RECORDS TO USE
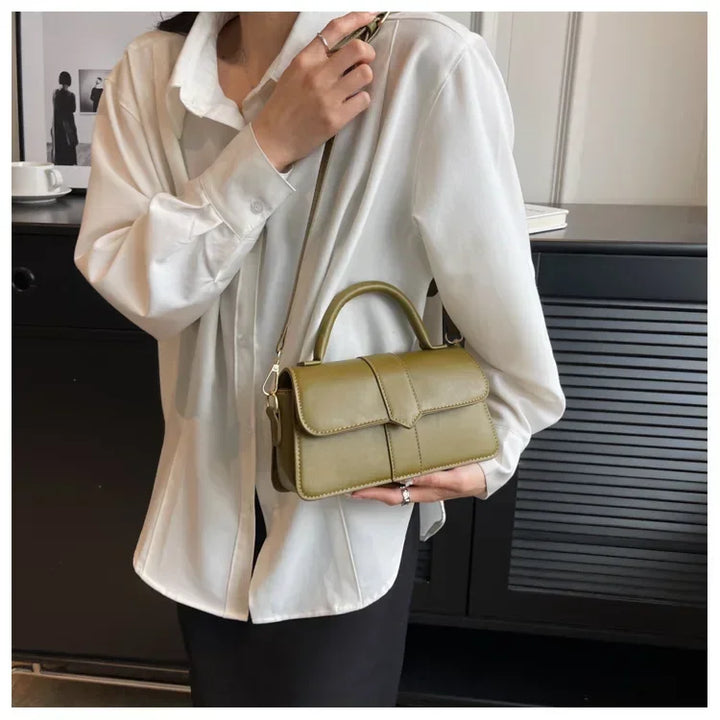 Petit sac bandoulière femme élégant noir en similicuir, idéal comme accessoire mode chic et quotidien.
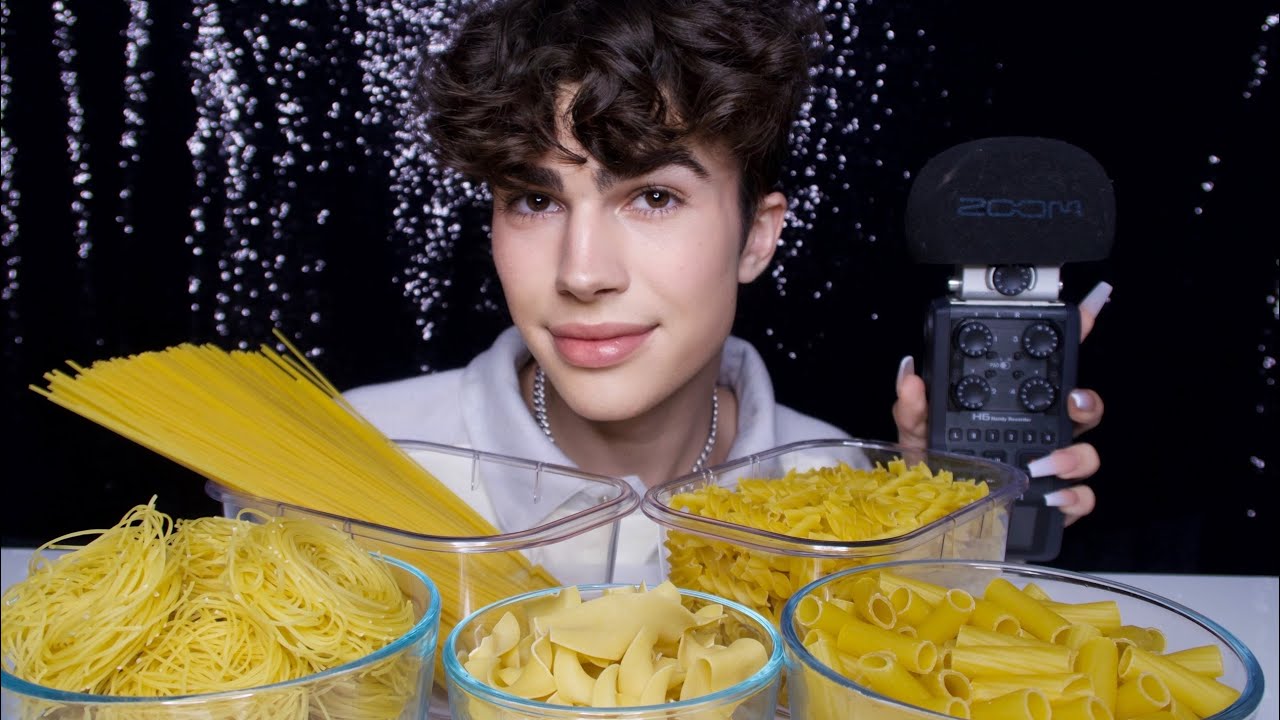 ASMR- Raw Pasta Mukbang 🍝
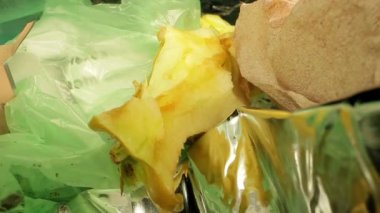 Kağıt plastik ve organik atıklar tek kullanımlık poşette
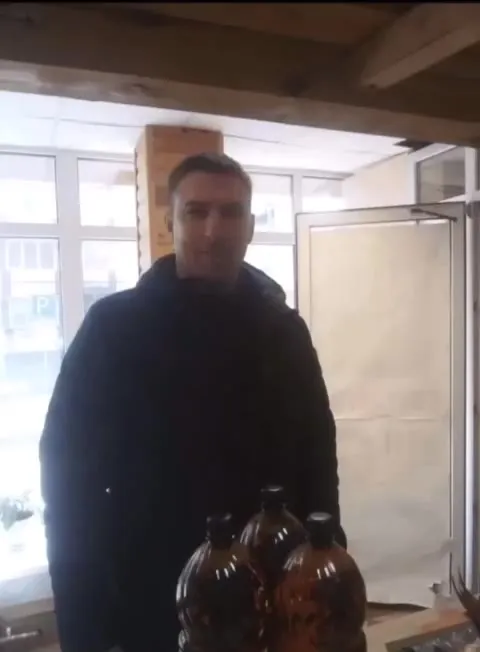 Продавцы с канистрами масла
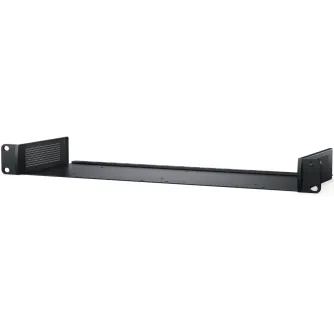 Полка Blackmagic Universal Rack Shelf (BM-CONVNTRM-YA-RSU) с матовой черной отделкой, вентиляционными решетками и отверстиями для монтажа с обеих сторон, предназначенная для решений 1U.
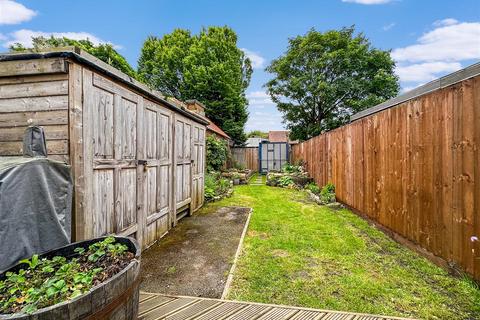 2 bedroom end of terrace house for sale, Herrod Close, Sutton-On-Trent, Newark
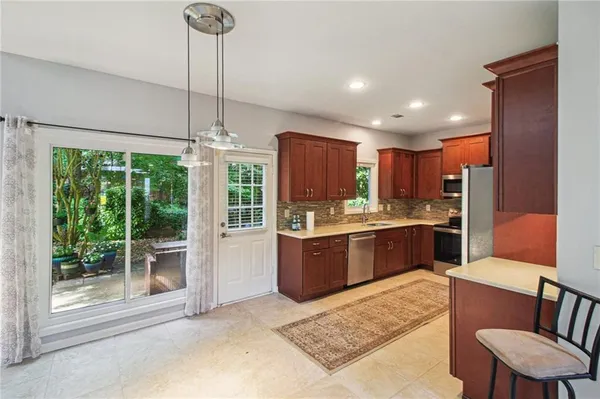 $2,700 | 2979 Rosebrook Drive, Decatur, GA 30033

THE PROBLEM
For the material above, give every line again exactly and leave out the pictures.

YOUR SOLUTION
 Petit sac bandoulière femme élégant noir en similicuir, idéal comme accessoire mode chic et quotidien.
 ASMR- Raw Pasta Mukbang 🍝
 Kağıt plastik ve organik atıklar tek kullanımlık poşette
 Продавцы с канистрами масла
 Полка Blackmagic Universal Rack Shelf (BM-CONVNTRM-YA-RSU) с матовой черной отделкой, вентиляционными решетками и отверстиями для монтажа с обеих сторон, предназначенная для решений 1U.
 2 bedroom end of terrace house for sale, Herrod Close, Sutton-On-Trent, Newark
 $2,700 | 2979 Rosebrook Drive, Decatur, GA 30033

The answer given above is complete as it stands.